## [Data supplied]
>>>>
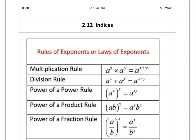In this lesson, we are going to talk about the rules for indices, or powers.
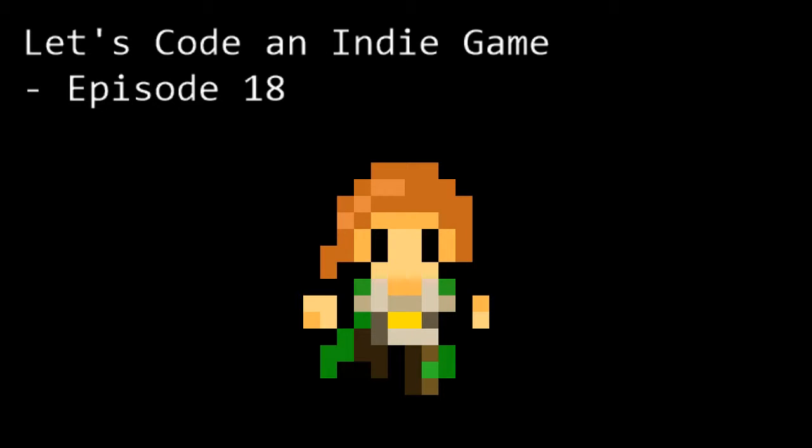Hello and welcome to episode 18 of Let's Code an Indie Game. This is the series where we learn the tools and techniques needed to get started with indie game development. In this episode we're going to continue working on the collision code.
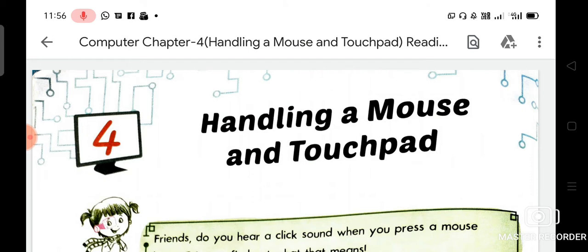So dear student, do you know who invented the computer? English mathematician and inventor Charles Babbage invented the computer.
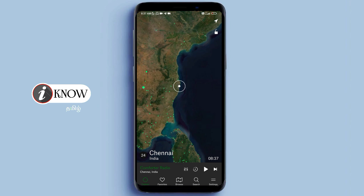You can install the app using the link in the description. When you open it, it automatically scans and you can see where you are located. There is a link to the channel, and if you click on the play button, you can load and play.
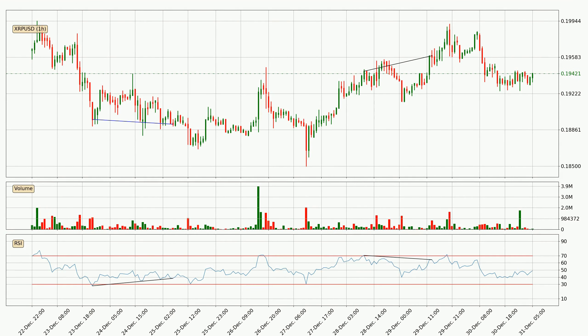On the lookout for divergences in the hourly time frame, contrary to expectations, following the bearish divergence, the price went up and then quickly back down.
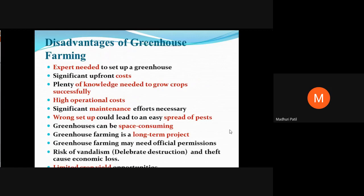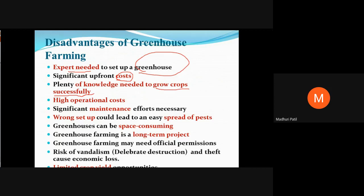There are also some disadvantages of greenhouse farming. There is a need for experts to set up the greenhouse, and consultancy requires cost. Experts must know how to grow crops successfully, and this comes with high operational cost. Significant maintenance efforts are also necessary — including automated systems for watering, fertilizers, and temperature control — and maintenance requires specific materials, which ultimately leads to increased cost.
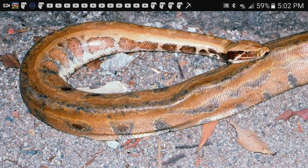A symbiotic relationship for this species is predation, which is basically a predator-prey relationship. Most of the time the python is the predator, but it can sometimes be prey. Some of its predators include eagles, crocodiles, lions, tigers, and pumas.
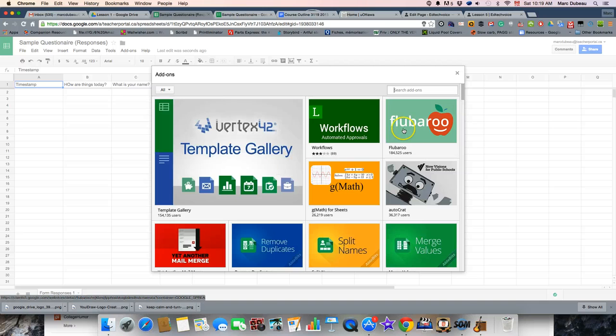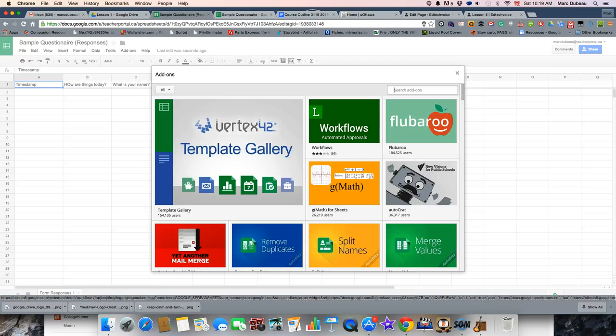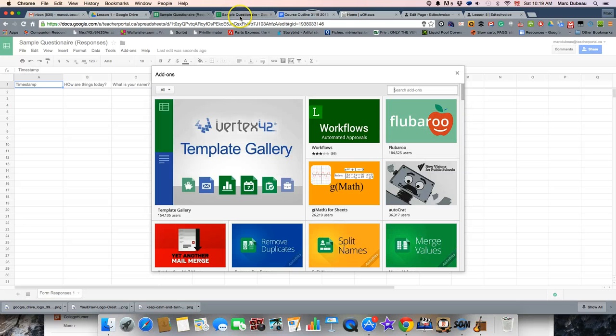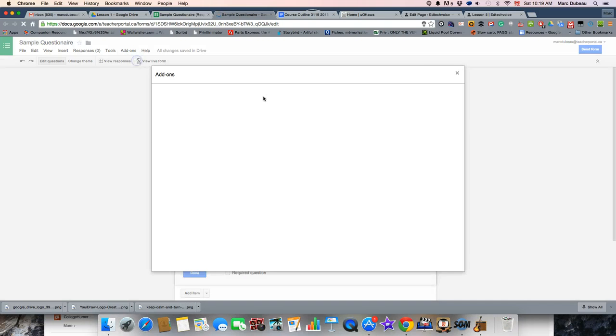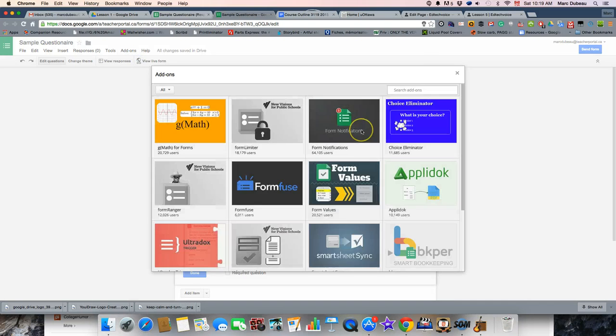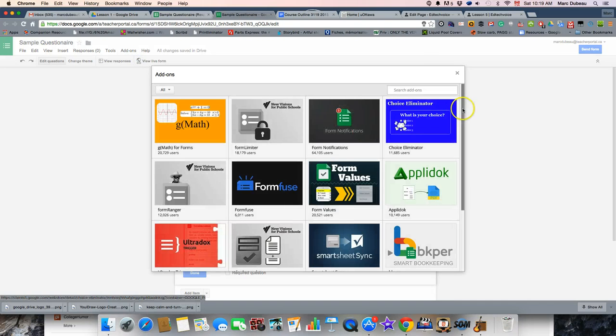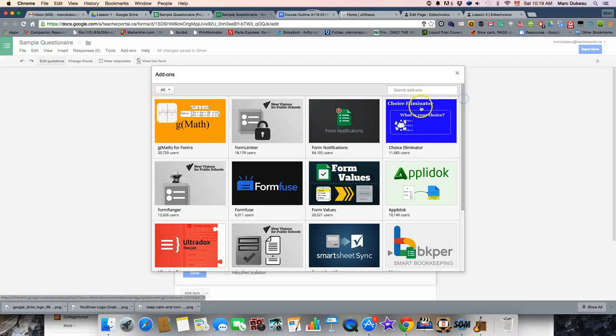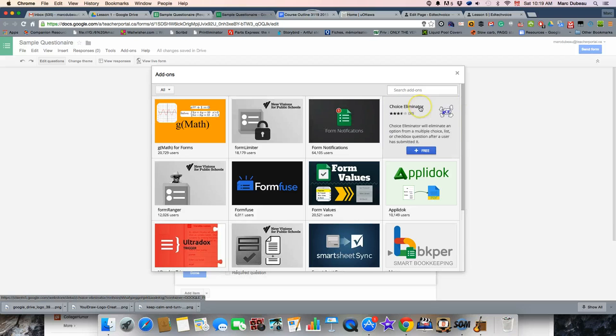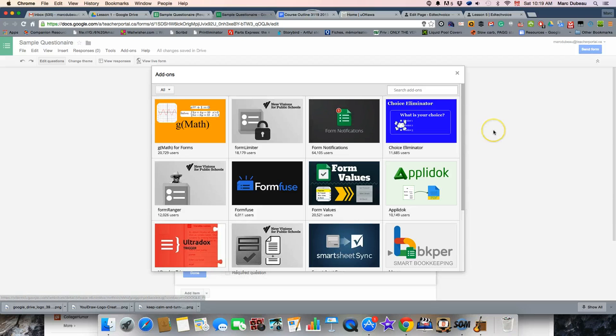So, if you check in here, you'll see the ones you can add to your spreadsheet. If you go back to your form, there's the add-ons that you can add to your Google form. Okay. Hopefully, that was useful. Thank you very much.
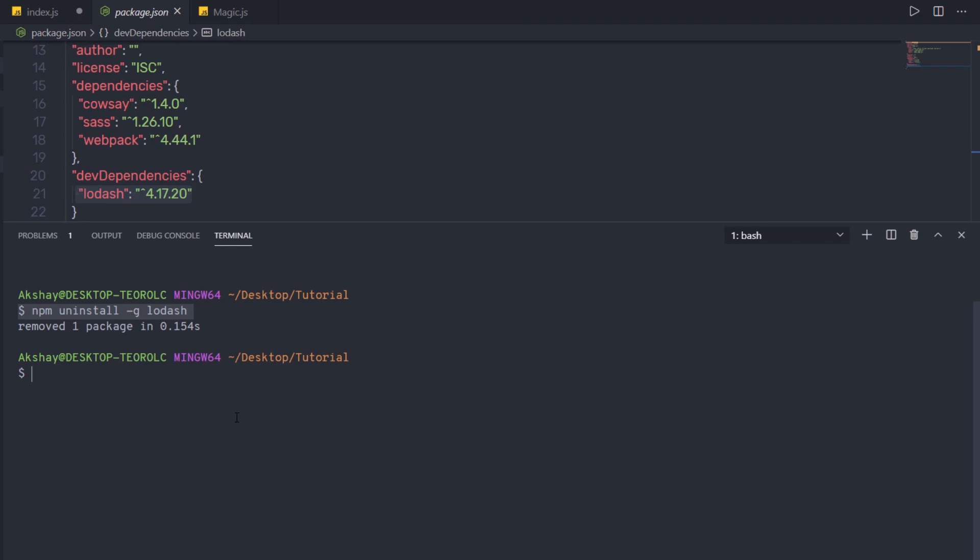So this is how you can easily work with npm in Node. Next, we're going to talk about the event loop.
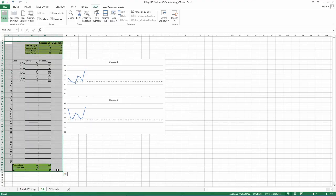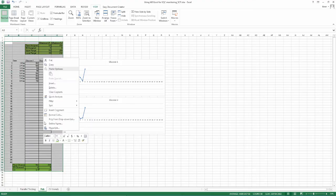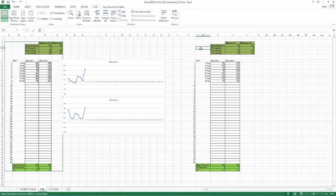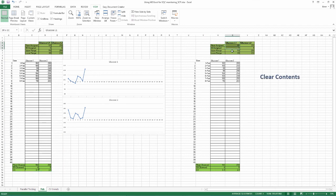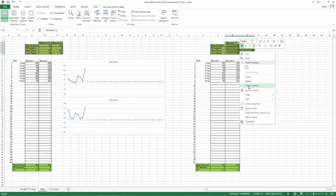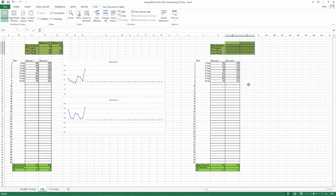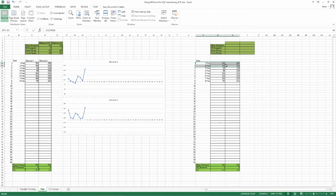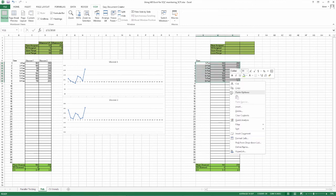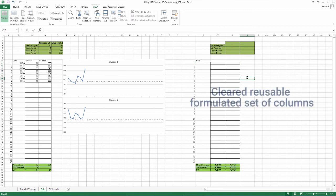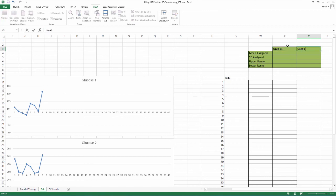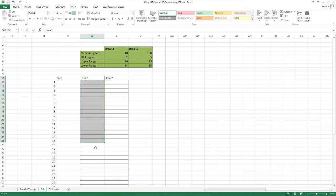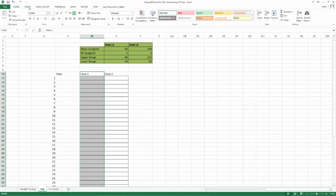Once one parameter has been configured, we can copy paste it to be used in other parameters. For other parameters in the same month, copy and paste as showed. Now, clear contents both from the heading as well as value inputs and repurpose for the next parameter, say urea. Clearing contents in heading with regard to glucose. Clearing contents in the value input sheet. A cleared reusable formulated set of columns. Inserting assigned data referring to urea 1 and 2.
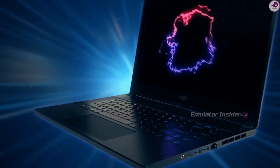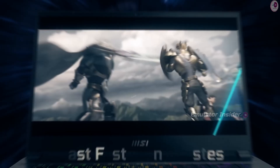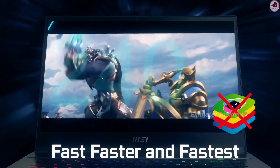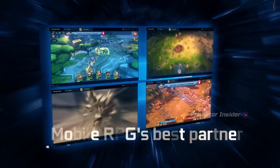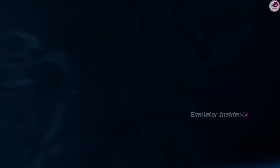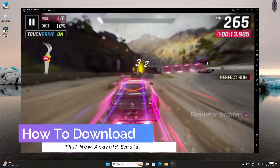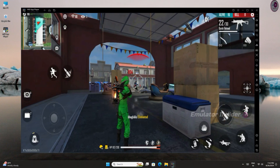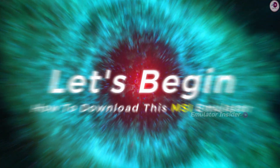Download the new MSI App Player. It is much faster than all other Android emulators. This Android emulator is much faster than Bluestacks. The perfect Android emulator to play mobile games on PC and laptop. It is fully optimized, and it will be more stable and smoother for both games and apps. How to download this new Android emulator is shown in this video. Follow all the steps and download. Let's begin. How to download this new MSI emulator.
<<<<
## [Assigned task]
Would you return all the data exactly as given, minus the pictures?

## [Output below]
In this lesson, we are going to talk about the rules for indices, or powers.
Hello and welcome to episode 18 of Let's Code an Indie Game. This is the series where we learn the tools and techniques needed to get started with indie game development. In this episode we're going to continue working on the collision code.
So dear student, do you know who invented the computer? English mathematician and inventor Charles Babbage invented the computer.
You can install the app using the link in the description. When you open it, it automatically scans and you can see where you are located. There is a link to the channel, and if you click on the play button, you can load and play.
On the lookout for divergences in the hourly time frame, contrary to expectations, following the bearish divergence, the price went up and then quickly back down.
There are also some disadvantages of greenhouse farming. There is a need for experts to set up the greenhouse, and consultancy requires cost. Experts must know how to grow crops successfully, and this comes with high operational cost. Significant maintenance efforts are also necessary — including automated systems for watering, fertilizers, and temperature control — and maintenance requires specific materials, which ultimately leads to increased cost.
A symbiotic relationship for this species is predation, which is basically a predator-prey relationship. Most of the time the python is the predator, but it can sometimes be prey. Some of its predators include eagles, crocodiles, lions, tigers, and pumas.
So, if you check in here, you'll see the ones you can add to your spreadsheet. If you go back to your form, there's the add-ons that you can add to your Google form. Okay. Hopefully, that was useful. Thank you very much.
So this is how you can easily work with npm in Node. Next, we're going to talk about the event loop.
Once one parameter has been configured, we can copy paste it to be used in other parameters. For other parameters in the same month, copy and paste as showed. Now, clear contents both from the heading as well as value inputs and repurpose for the next parameter, say urea. Clearing contents in heading with regard to glucose. Clearing contents in the value input sheet. A cleared reusable formulated set of columns. Inserting assigned data referring to urea 1 and 2.
Download the new MSI App Player. It is much faster than all other Android emulators. This Android emulator is much faster than Bluestacks. The perfect Android emulator to play mobile games on PC and laptop. It is fully optimized, and it will be more stable and smoother for both games and apps. How to download this new Android emulator is shown in this video. Follow all the steps and download. Let's begin. How to download this new MSI emulator.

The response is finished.